SOURCE DATA:
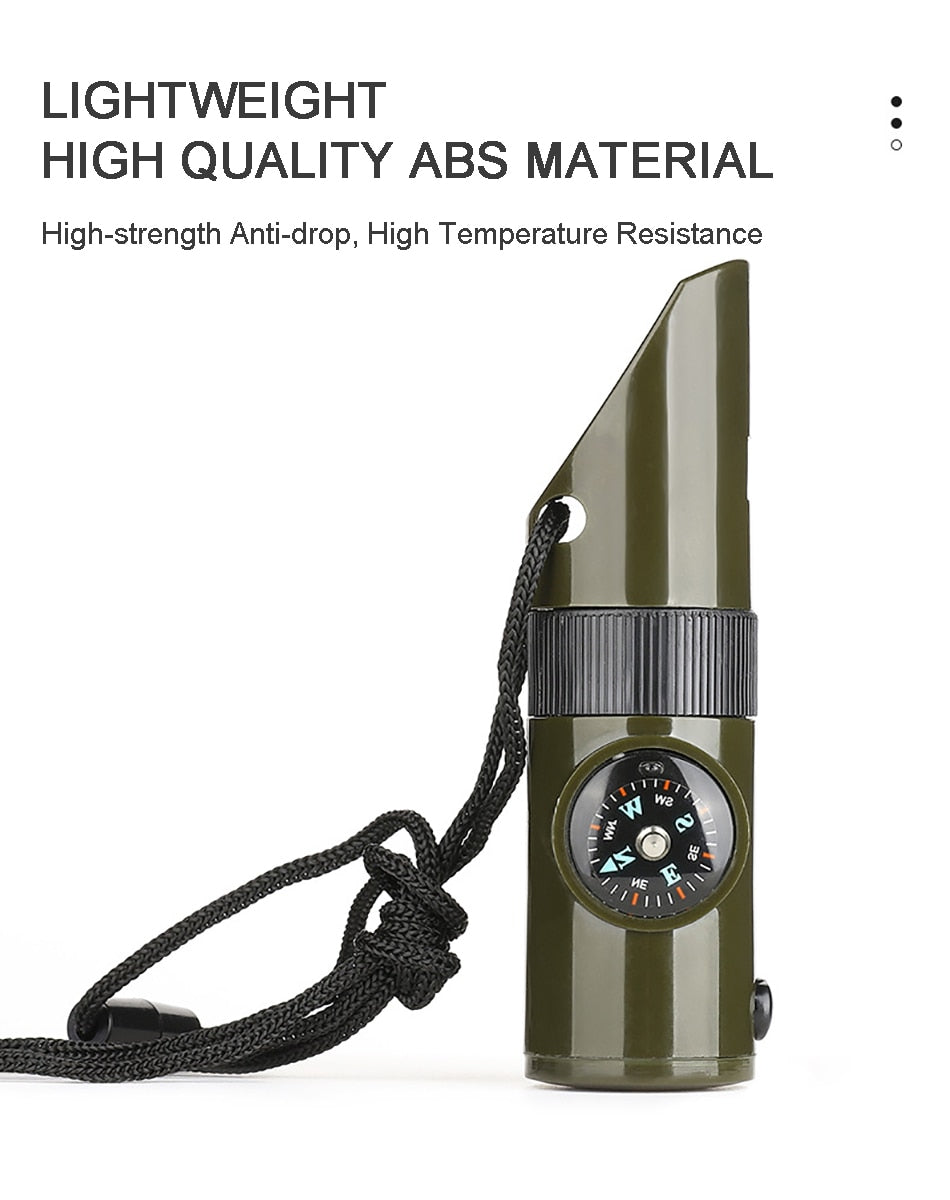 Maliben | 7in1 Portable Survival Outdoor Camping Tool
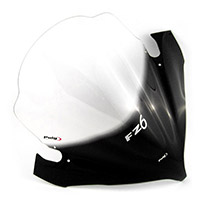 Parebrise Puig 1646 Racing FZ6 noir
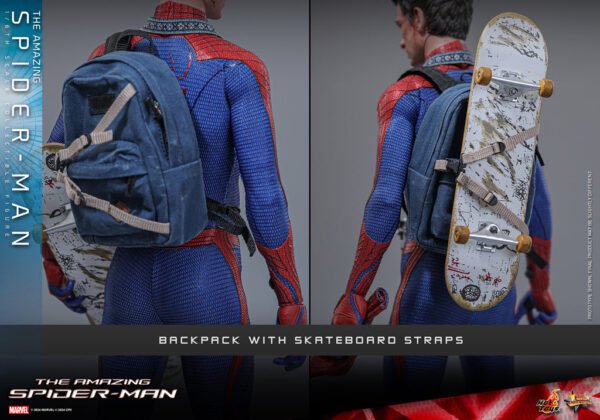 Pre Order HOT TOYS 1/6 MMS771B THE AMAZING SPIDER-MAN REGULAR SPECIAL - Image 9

EXERCISE: Copy out the lines above in full and unaltered, apart from the pictures.

RESULT OF THIS EXERCISE:
 Maliben | 7in1 Portable Survival Outdoor Camping Tool
 Parebrise Puig 1646 Racing FZ6 noir
 Pre Order HOT TOYS 1/6 MMS771B THE AMAZING SPIDER-MAN REGULAR SPECIAL - Image 9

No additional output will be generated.